**What is needed**:
What follows is a listing; restate every line of it word for word.

**Given material**:

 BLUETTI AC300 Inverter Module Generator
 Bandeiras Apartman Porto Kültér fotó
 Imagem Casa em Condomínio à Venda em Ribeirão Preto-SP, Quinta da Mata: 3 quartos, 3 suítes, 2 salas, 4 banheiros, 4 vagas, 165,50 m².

**Output below**:
 BLUETTI AC300 Inverter Module Generator
 Bandeiras Apartman Porto Kültér fotó
 Imagem Casa em Condomínio à Venda em Ribeirão Preto-SP, Quinta da Mata: 3 quartos, 3 suítes, 2 salas, 4 banheiros, 4 vagas, 165,50 m².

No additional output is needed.